I think I have read that Thunder Road was loosely based on a fatal crash during a chase in 1952, don’t remember just where or who the driver was. I have read of the exploits of Junior Johnson and Curtis Turner (who supposedly used a flashing red light and siren to run a roadblock), who were noted drivers and went on to excel on the stock car circuit. I had the privilege of seeing the stock car pioneers (Curtis Turner, Junior Johnson, Lee Petty and Buck Baker) at Darlington in 1958 ..... race was won by Fireball Roberts in a 1957 Chevy.

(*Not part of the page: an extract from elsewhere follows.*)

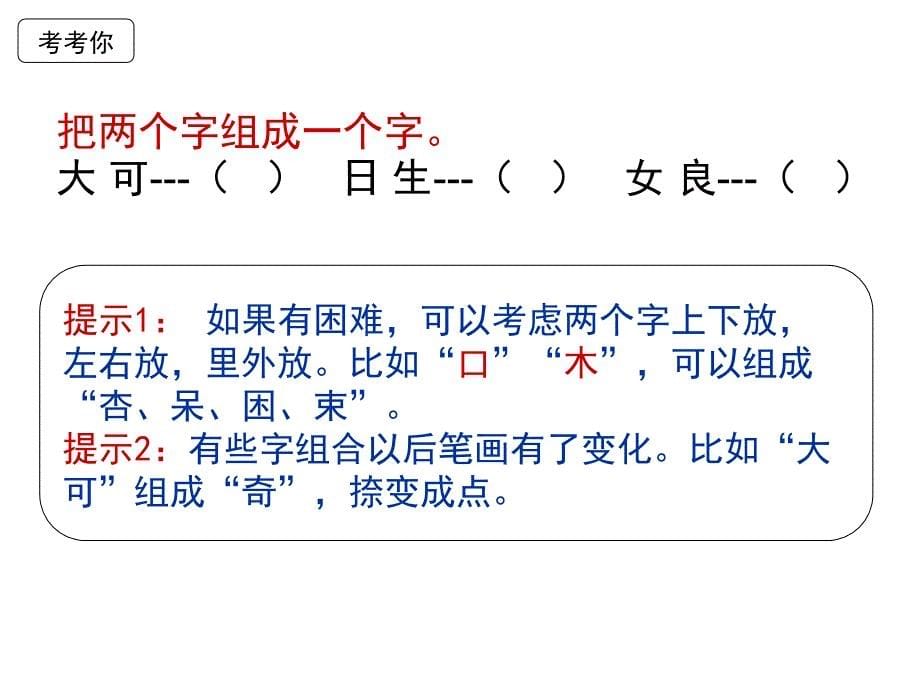 部编教材一年级语文下册语文第八单元复习2018版ppt课件_第5页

I grew up at the end of a similar period of whiskey making in the low country of South Carolina, corn was more profitable when sold by the gallon ..... instead of by the bushel. Most of the stills were small (intended for personal use and local delivery) hidden in the swamps and bays but there was one a few miles from us that was built under a dairy barn and their milk tanker had a partition for the moonshine. It operated for a number of years but was “busted” about 1956. By the mid 1960s “boot legging” was pretty much a thing of the past. It was eventually replaced, somewhat, by marijuana but it seemed that a different element was involved and it never had the mystic that the makers of “white lightning” had.

I am familiar with the Newport side of the valley, the Gatlinburg, Townsend area is one of my favorite vacation spots and my first cousin married a submarine sailor from White Pine (they moved back to that area after he retired). I visited them a number of times and met my cousin’s father in law a couple of times before he died. He was born before 1900 and had seen much of the era from Dark Corner to Thunder Road and afterwards ... he died in the early 1980s.


28 posted on 03/18/2009 11:11:32 AM PDT by Peter Horry (Never were abilities so much below mediocrity so well rewarded - John Randolph)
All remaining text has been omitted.